Она обнимала его, прижимала губы к его уху, в котором звучали истошные крики страха и ненависти, грохотали автоматные очереди, летел разорванный пулями удар колокольной меди. И звуки войны смолкали. Казалось, он приложил ухо к перламутровой раковине, в которой, свитый в спираль, тихо звучал ровный таинственный шелест.
– Я залез на колокольню, и враги меня обнаружили. Стали ко мне приближаться. Я решил, что не сдамся в плен, достал пистолет и думал, как побегу им навстречу, страшно матерясь, стреляя, а потом последнюю пулю пущу в себя…
Она запрещала ему говорить. Прижимала губы к его губам, тихо дула, словно гасила ядовитые язычки жестоких и страшных слов. И он умолкал. Губы его складывались в простое, забытое слово, состоящее из одних гласных звуков, которыми в древности славили воду, свет, молоко.
– Не думай об этом. Лучше о какой-нибудь лесной, полевой тропинке.
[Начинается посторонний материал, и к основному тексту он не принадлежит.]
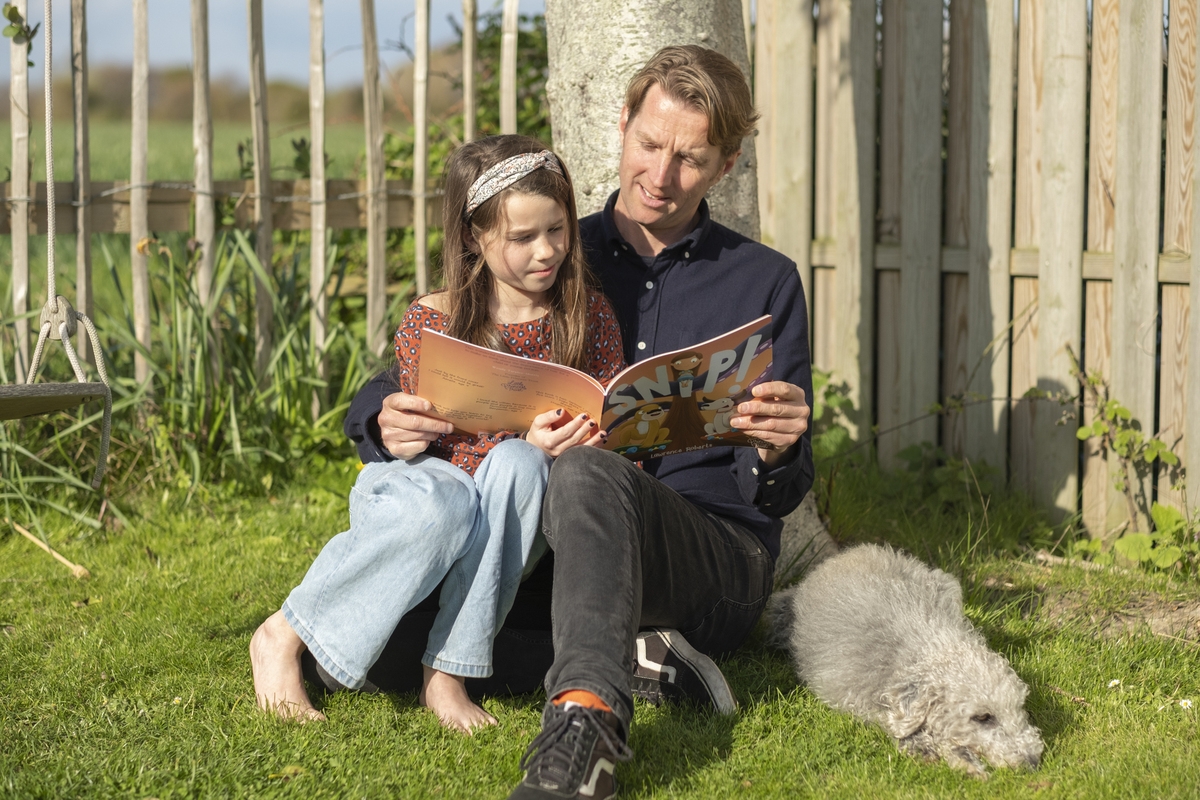 Lawrence Roberts reads Snip! with his 9-year-old daughter, Mia. Photo: Keiron O'Connor.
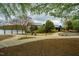 A view of the park buildings from the lakeside, showing the lovely location at 5312 Woodsdale Rd, Raleigh, NC 27606
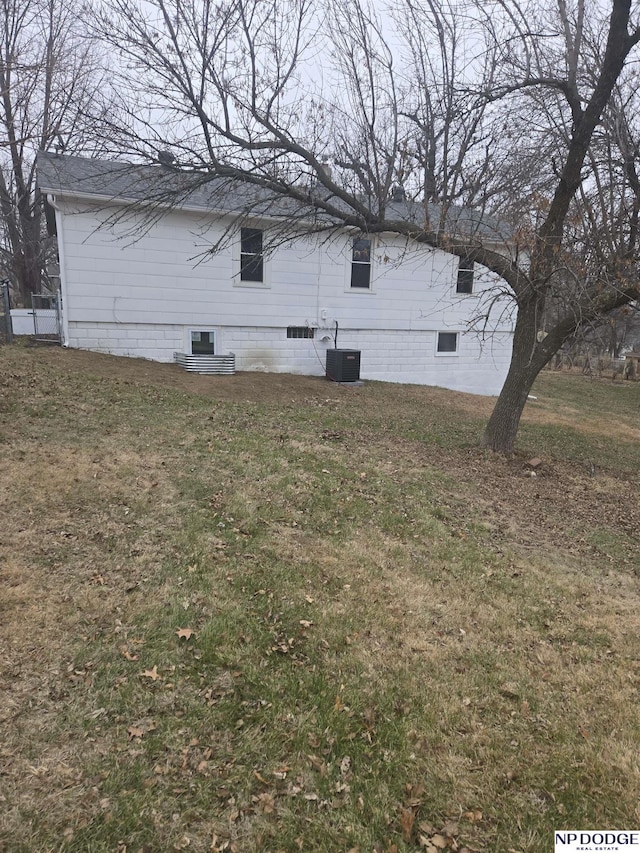 view of side of property featuring central AC unit and a yard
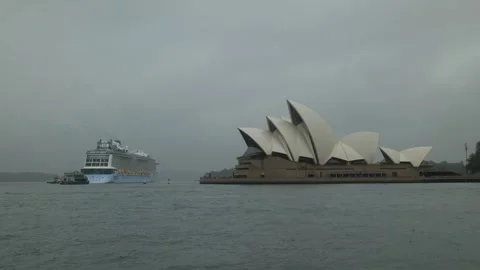 A large cruiseliner passes Sydney Opera House in the mist 6K Stock Footage 302518797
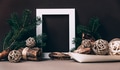 Empty photo frame on brown wall with christmas decoration. Winter holiday christmas home decor - PhotoDune Item for Sale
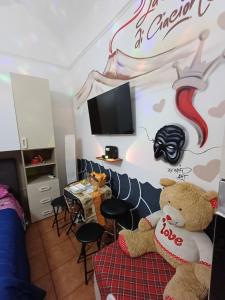 a room with a teddy bear sitting on a bed at la casetta di ciacione piazza del plebiscito in Naples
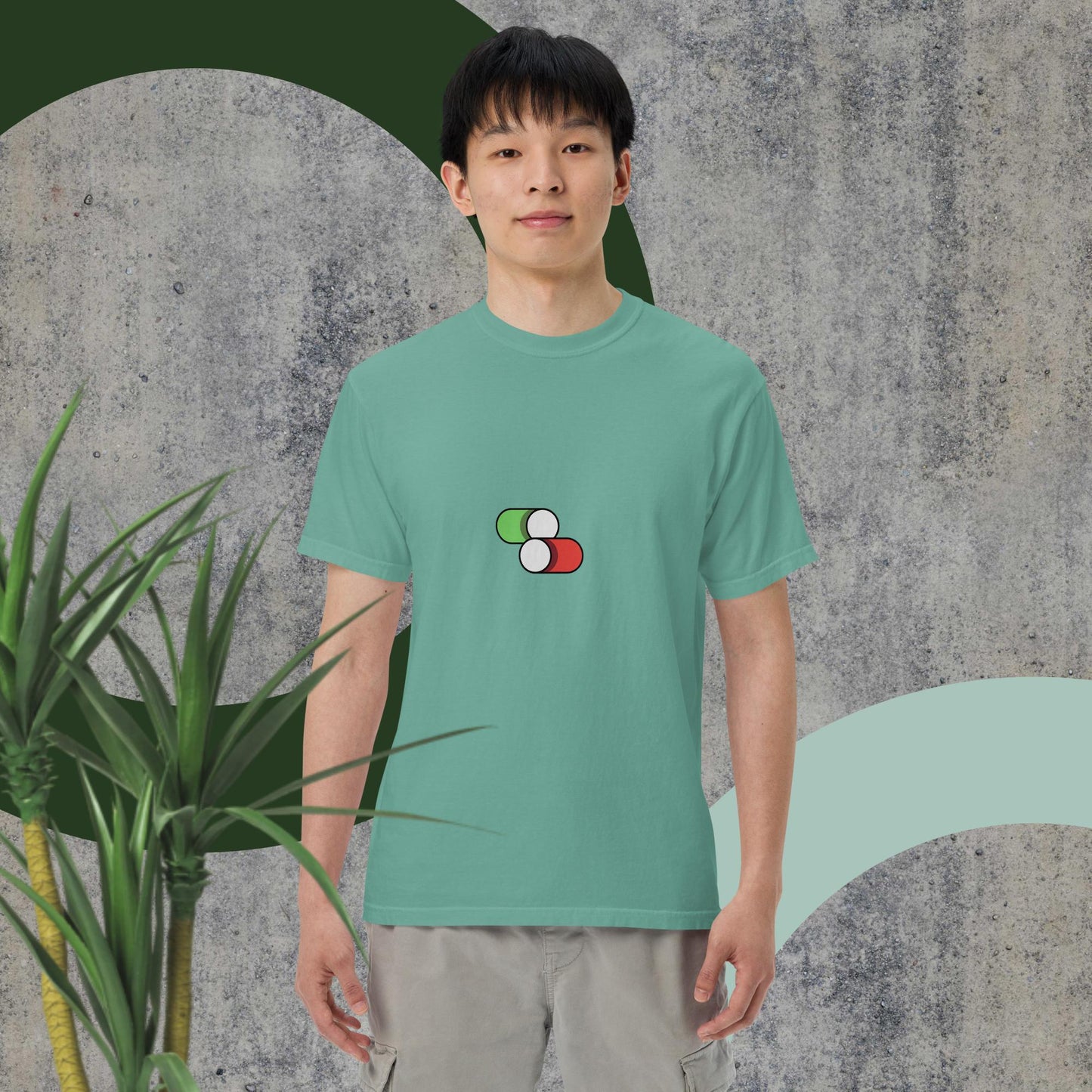 Switch Man garment-dyed heavyweight t-shirt worn by model in green setting.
О цветочках-василечках, будто собираешь из них букет. Когда не могу уснуть, представляю, что иду по лесной дороге, кругом иван-да- марья, лесные гераньки, кашки. Я их рву, набираю букетик и с таким букетиком засыпаю.
– Ты моя лесная геранька…
Вулкан за окном был огромным фотографом, который надел под дождем капюшон, опустился тяжело на колени, подвел к их окну черную трубу объектива и, ослепляя вспышкой, снимал их, лежащих на ослепительной плащанице, где, как водяные знаки, оставались отпечатки их длинных, вытянутых тел, обращенных к потолку лиц, сплетенных рук. И он отрешенно думал: кем послан этот молчаливый фотограф, кому на стол лягут его черно-белые, в проблесках ртути, снимки.
– Я совершил грех.
– Какой?
– Когда вернулся из Коринто, где был пожар, бой с гондурасским катером, водяная воронка, в которой кипели пули, свадьба, на которую падал небесный огонь, я решил изменить мою жизнь. Отказаться от этих огней и пуль, от этих бесконечных поездок туда, где умирают, убивают, разоряют города и селения. Повернуть вспять, обратно, к тому далекому дню на зимней дороге, когда ехал в кузове колхозного грузовика. На одном повороте, где высились черные елки, висели красные зимние шишки, солнце вдруг брызнуло из-за темных вершин, ослепило, и я пережил такое счастье, такое блаженство, любовь к этим елкам, дороге, шоферу в рабочей фуфайке, к моим милым и близким, тем, кто живы, и тем, кого уже нет. Почувствовал, что этой любовью я могу их всех воскресить или сделать бессмертными. Для этого нужно одно лишь усилие, последнее напряжение любви. Я не сделал это усилие. Искусился возможностью увидеть мир, участвовать в политике, войнах, узнавать, понимать. Но там, в Коринто, я вдруг понял, что заблуждался. Моя жизнь превратилась в бессмысленное скитание среди нескончаемых войн, бесконечных революций, которые начинаются, как яростные фонтаны огня и света, а кончаются глыбами мертвой лавы, зловонным дымом железа и серы, грудами пожелтелых костей.
– Так в чем же твой грех?
– Я встретил тебя. Ты показала мне волшебные сады и селенья, которые кто-то рисовал разноцветной кистью на белых снегах. Я хотел поселиться вместе с тобой в этих разноцветных теремах, гулять вместе с тобой по волшебным райским садам. Но опять искусился. Поехал в Сан-Педро-дель-Норте, где чуть было меня не убили. За мое вероломство. За искушение. За мой грех и порок. Но ты меня снова спасла. Отмолила мой грех.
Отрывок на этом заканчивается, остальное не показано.